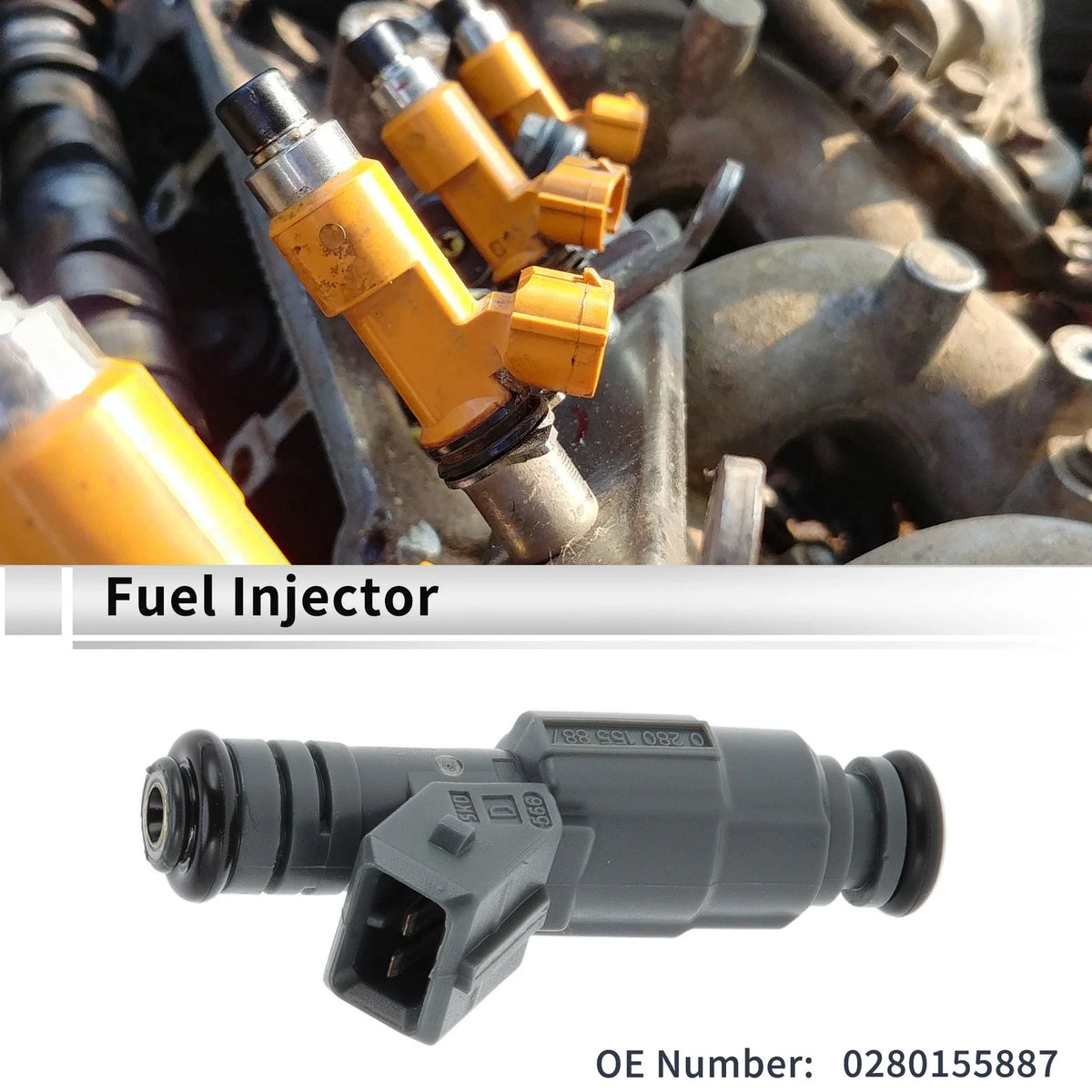 1Pc Fuel Injector No.0280155887 for Ford Escape 2.0 (2001–2004)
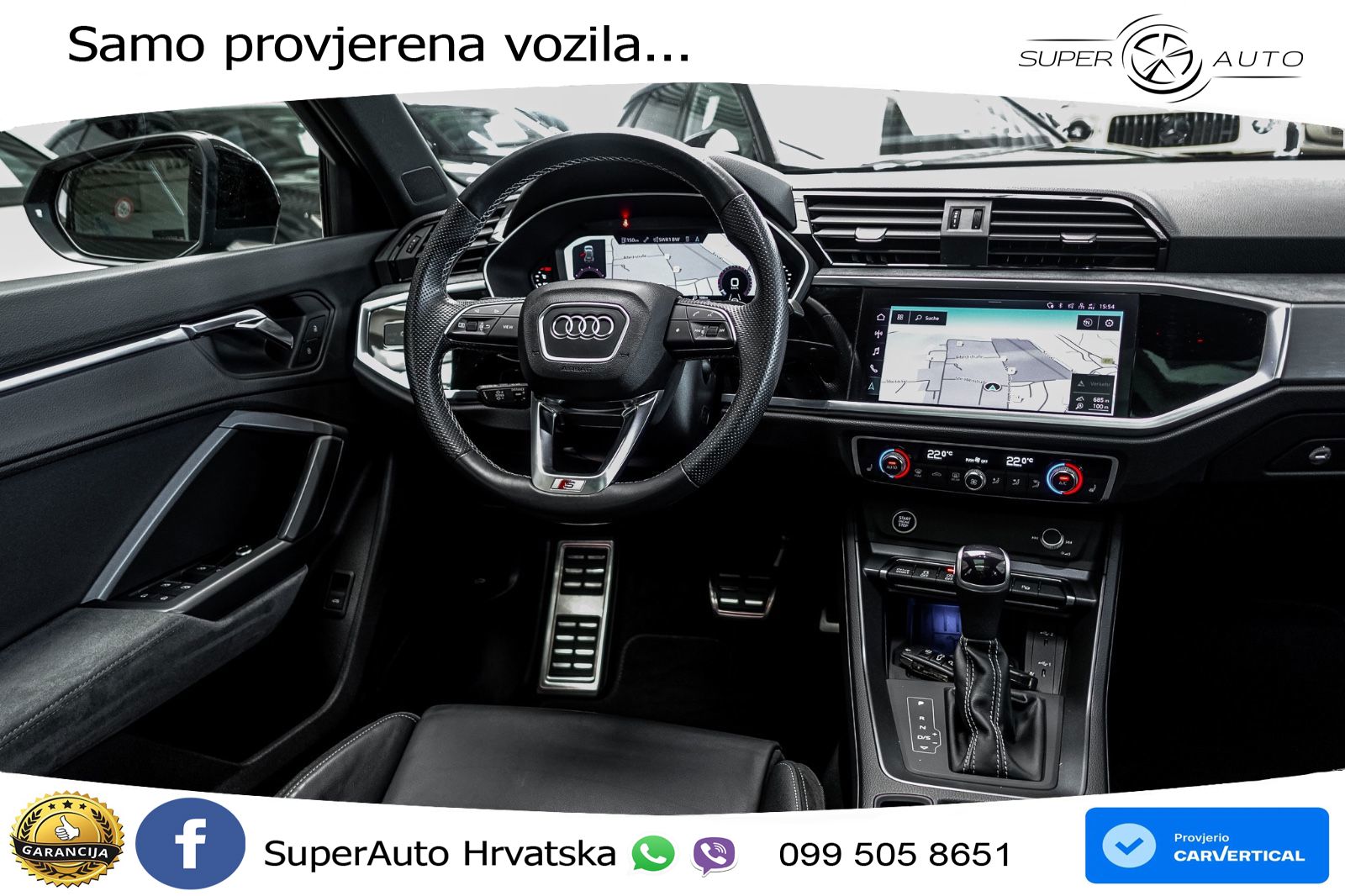 Audi Q3 45 TFSI (245 KS) quattro S tronic S line MATRIX+GR SJED+KAM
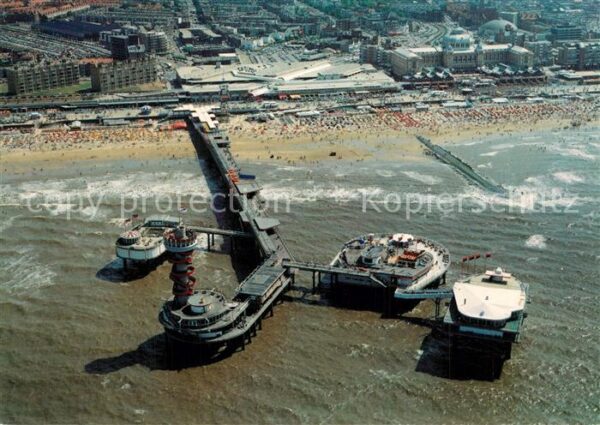 Scheveningen Fliegeraufnahme mit Seebrücke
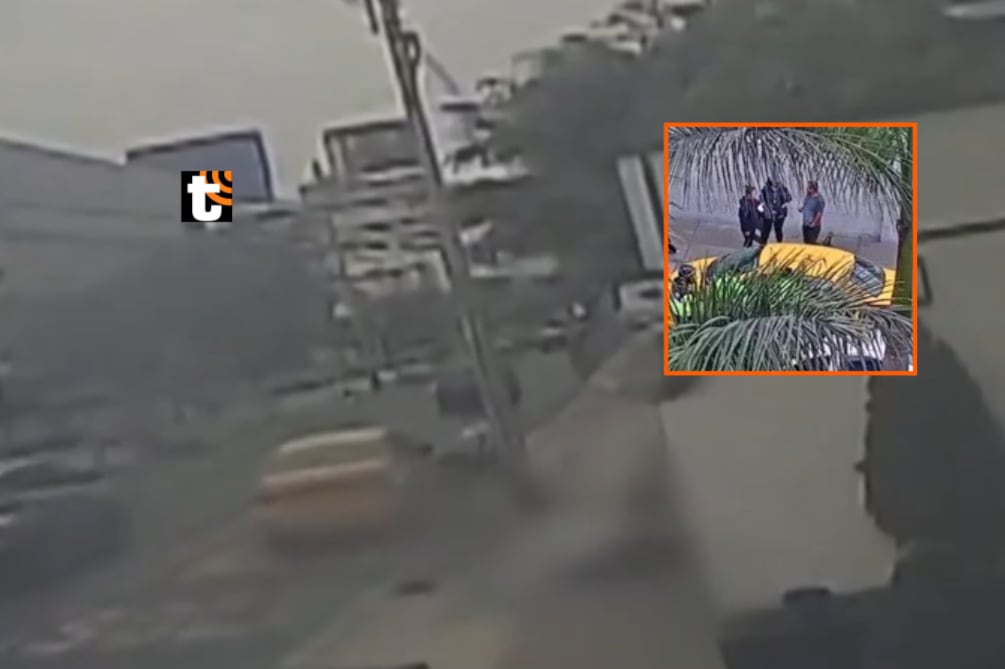 Cámara capta atropello de trabajadora de limpieza por taxista ebrio.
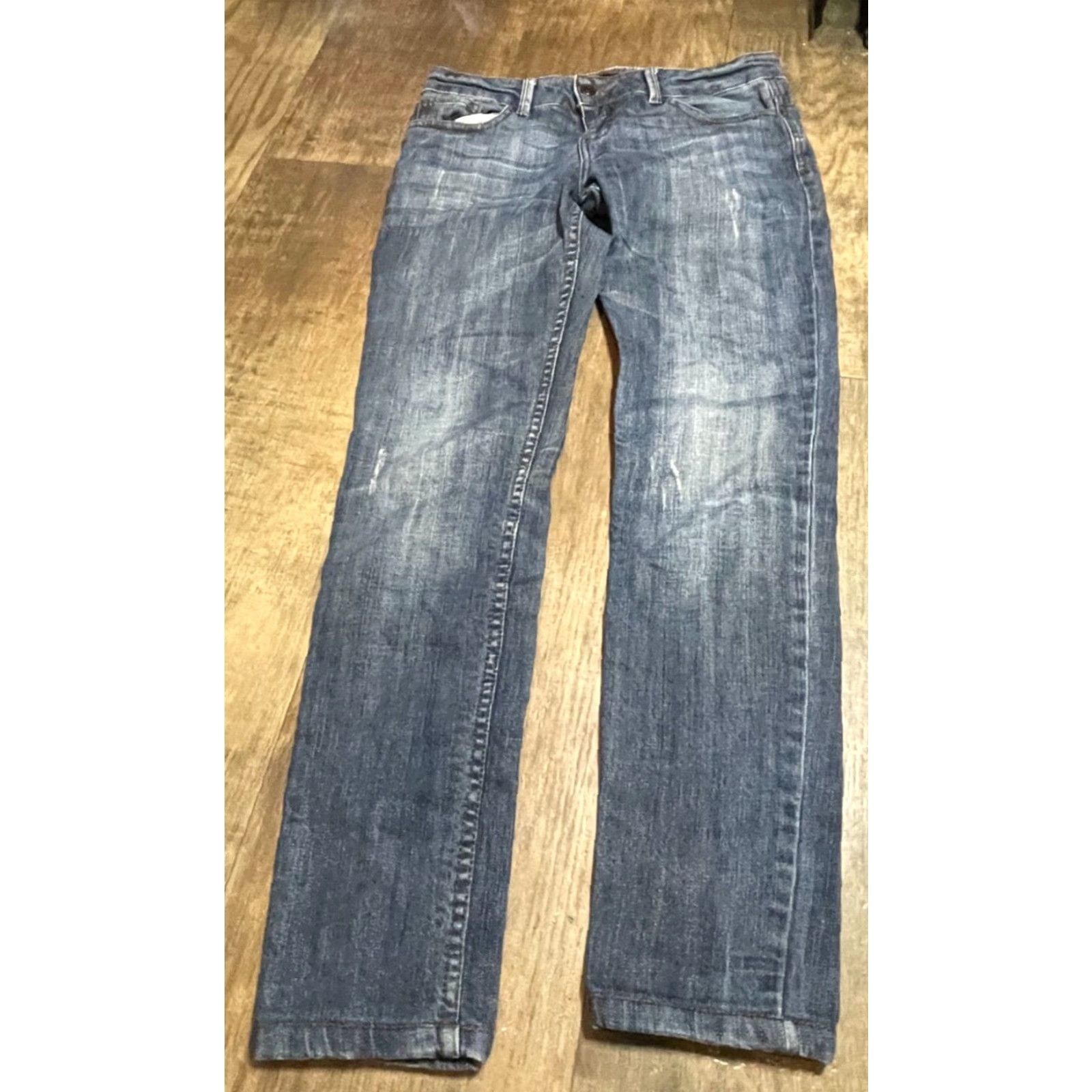 Zara Zara Jeans Womens Size 6 Blue Denim Straight Jeans Women Size 6 Blue Denim Size 28" / US 6 / IT 42 - 2 Thumbnail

--*--

How to complete this task —
Wherever a picture appears, omit it; copy the rest of the data exactly.

Task answer —
 1Pc Fuel Injector No.0280155887 for Ford Escape 2.0 (2001–2004)
 Audi Q3 45 TFSI (245 KS) quattro S tronic S line MATRIX+GR SJED+KAM
 Scheveningen Fliegeraufnahme mit Seebrücke
 Cámara capta atropello de trabajadora de limpieza por taxista ebrio.
 Zara Zara Jeans Womens Size 6 Blue Denim Straight Jeans Women Size 6 Blue Denim Size 28" / US 6 / IT 42 - 2 Thumbnail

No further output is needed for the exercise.